Tipos solitários, cuja rotina é um ímã de aspereza (mais a afetiva que física) – como o Jepperd de Sweet Tooth –, parecem ser a tradução de seu existencialismo, quase sempre mesclado a referências da identidade cultural canadense. Nos anos 1980, quando os gibis em escala industrial, de publicação mensal, ganharam um status mais adulto, graças às reflexões políticas, morais e ontológicas de Alan Moore (V de Vingança), Neil Gaiman (Sandman), Frank Miller (O Cavaleiro das Trevas) e Grant Morrison (Asilo Arkham), editoras de escopo popularesco, com tiragens milionárias, passaram a investir em talentos que injetassem inquietações filosóficas nas narrativas quadrinizadas, gerando best-sellers autorais.
A partir dos 2000, poucos quadrinistas capazes de unir prestígio e sucesso de venda despontaram na seara dos super-heróis. As exceções: Mark Millar (Kick-ass), Garth Ennis (The Boys) e Lemire, que se distancia desses dois por timbrar sua escrita de intimismo e fugir de uma representação mais pop da selvageria. Não existem vilões em Lemire, nem vigilantes inquebráveis como o esqueleto de adamantium de Wolverine, cujas histórias ele pilotou de 2016 a 2017, na fase Velho Logan. Há, sim, fragilidades, atos de coragem e paixões. “Existem situações de trevas que nos cercam.
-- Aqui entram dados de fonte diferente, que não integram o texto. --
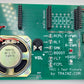 Trainz TMCC1-F1 TMCC 1 Test Fixture Kit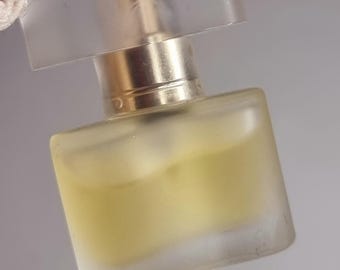Estee Lauder Pure White オーデパフュームスプレー50ml Estée Lauder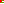 Destellos dst-440354
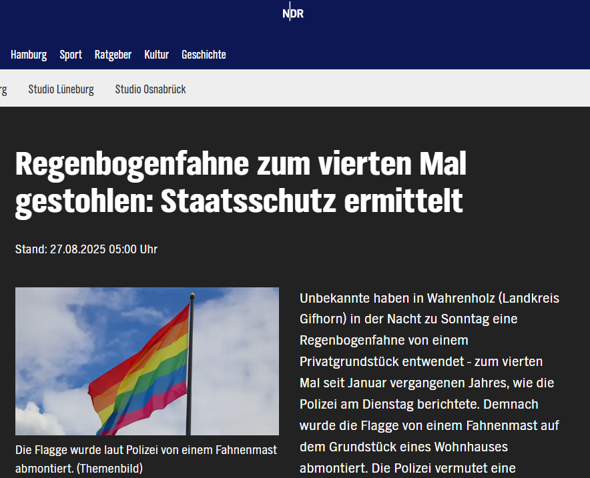 Bild zum Beitrag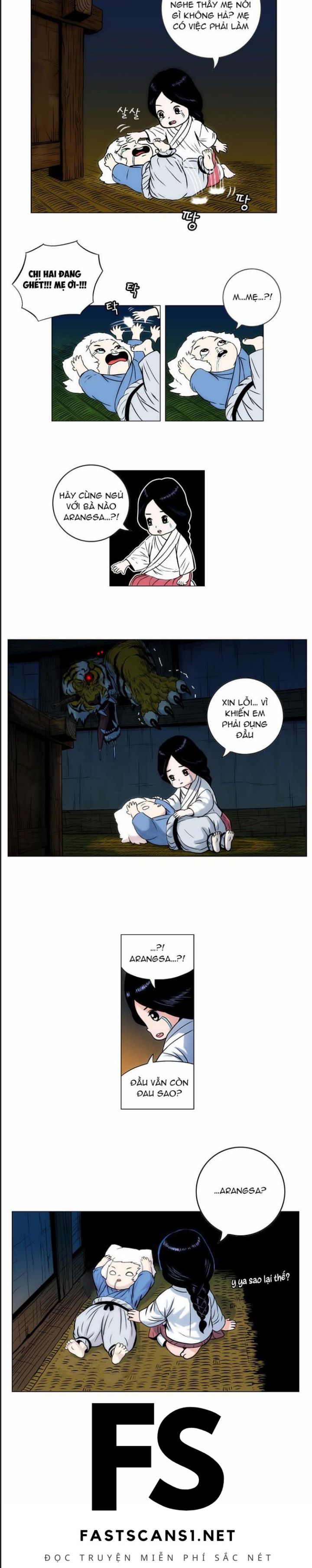 Chương 22 - Trang 13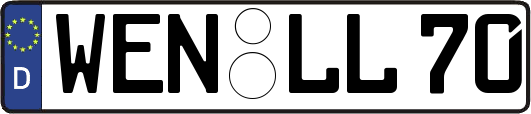 WEN-LL70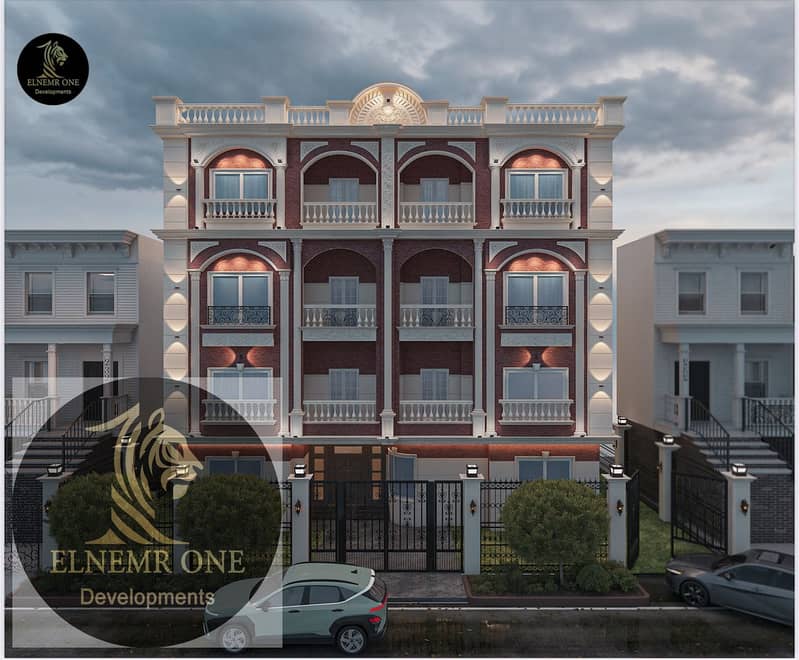 2 WhatsApp Image 2025-09-01 at 11.03. 38 AM. jpeg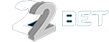 22BET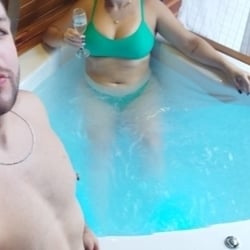 Foto de Thatha Casada ao vivo na webcam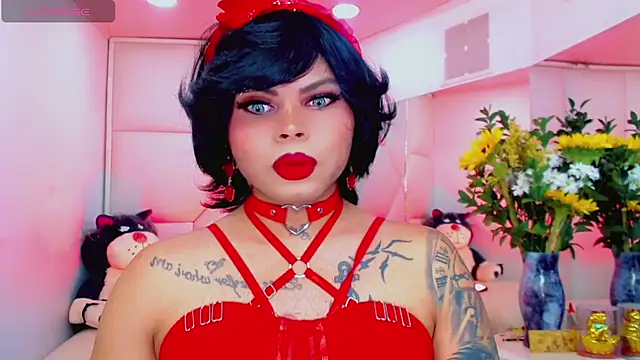 AdanKinng online show from 14, 2, 2026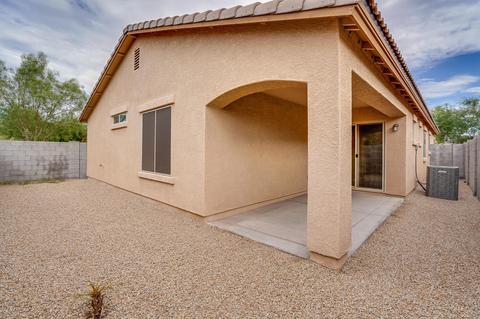 900 W Broadway Ave #27, Apache Junction, AZ 85120 photo 13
As minhas histórias passam por elas pra falar de perseverança”, diz Lemire ao Estadão, em entrevista via Zoom.
Desde novembro, ele vem trabalhando numa nova safra de histórias sobre o universo de Gus, ambientada 300 anos depois dos feitos a serem narrados na série. “Meu trabalho consiste em subverter arquétipos. Os durões, nas minhas histórias, entram em contato com seu lado mais emotivo, desmontando representações”, diz o quadrinista, nascido em Ontário, há 45 anos. “Subversões podem ser emotivas.”